The Indianapolis Airport Authority is seeking master developers for almost 550 acres, including a large open parcel of land with frontage on Interstate 465 and several parcels facing West Washington Street.
In a request for proposals released Monday, airport officials indicate that they want to fill the economic void around the now-demolished former passenger terminal, which was oriented toward I-465 west of Indianapolis.
The airport authority has no preconceived notions about possible development, according to the RFP document, and bidders are encouraged to provide “creative options to stimulate economic growth opportunities and job creation.”
The RFP covers 545 acres and has a submission deadline of Aug. 10. For a map of all the parcels, click here.

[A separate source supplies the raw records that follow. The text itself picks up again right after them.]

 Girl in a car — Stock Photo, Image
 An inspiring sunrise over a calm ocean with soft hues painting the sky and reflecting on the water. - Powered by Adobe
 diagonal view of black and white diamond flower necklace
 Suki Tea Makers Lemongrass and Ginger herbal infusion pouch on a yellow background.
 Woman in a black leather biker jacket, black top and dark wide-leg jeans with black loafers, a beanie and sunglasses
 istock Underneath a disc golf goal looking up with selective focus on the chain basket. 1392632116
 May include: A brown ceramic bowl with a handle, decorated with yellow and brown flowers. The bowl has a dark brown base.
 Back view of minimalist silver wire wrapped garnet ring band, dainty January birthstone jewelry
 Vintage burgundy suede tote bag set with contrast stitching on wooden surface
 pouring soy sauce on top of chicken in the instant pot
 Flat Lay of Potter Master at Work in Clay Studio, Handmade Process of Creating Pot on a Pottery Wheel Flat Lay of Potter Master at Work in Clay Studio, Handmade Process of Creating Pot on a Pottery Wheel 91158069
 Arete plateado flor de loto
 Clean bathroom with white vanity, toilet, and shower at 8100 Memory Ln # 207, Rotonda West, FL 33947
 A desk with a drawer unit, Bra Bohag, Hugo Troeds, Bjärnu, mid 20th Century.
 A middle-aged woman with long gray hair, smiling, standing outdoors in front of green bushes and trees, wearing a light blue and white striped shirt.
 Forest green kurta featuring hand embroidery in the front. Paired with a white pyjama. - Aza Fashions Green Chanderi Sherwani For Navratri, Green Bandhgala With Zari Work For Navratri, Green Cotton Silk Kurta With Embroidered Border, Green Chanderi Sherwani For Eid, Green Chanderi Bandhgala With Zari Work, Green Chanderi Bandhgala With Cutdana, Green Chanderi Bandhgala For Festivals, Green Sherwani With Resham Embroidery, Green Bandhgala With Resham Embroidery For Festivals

The request is the second stage of an airport initiative to maximize revenue from non-aviation land. The airport has sold a few parcels on its own, and it’s in the process of hiring a brokerage firm to handle the sale of another 586 acres.
The RFP released Monday covers three different areas containing seven total parcels. Airport officials will consider proposals for individual parcels, the RFP states, but they are “keenly interested in proposals from master developers for the three areas.”
The largest area, 249 acres, includes the parking lots for the former passenger terminal. The area is adjacent to the former terminal garage, which has 1,776 parking spaces. “This area could be utilized under the right scenario to accomplish a ‘game changer’ type of development,” the RFP states.
The old-terminal area is situated east of High School Road and has 4,500 linear feet of frontage on I-465.
The second area is 189 acres northwest of the current terminal, which opened in 2008 off Interstate 70, near Hendricks County. The northwest area hosts the airport’s central energy plant and is crisscrossed by on-airport roads. All three parcels have some frontage on West Washington Street.
The smallest area is 107 acres in the northeast corner of Ronald Reagan Parkway and Stafford Road. Development plans would have to take into account the site’s proximity to a runway, Federal Aviation Administration regulations, local height restrictions and an inter-local agreement, according to the RFP.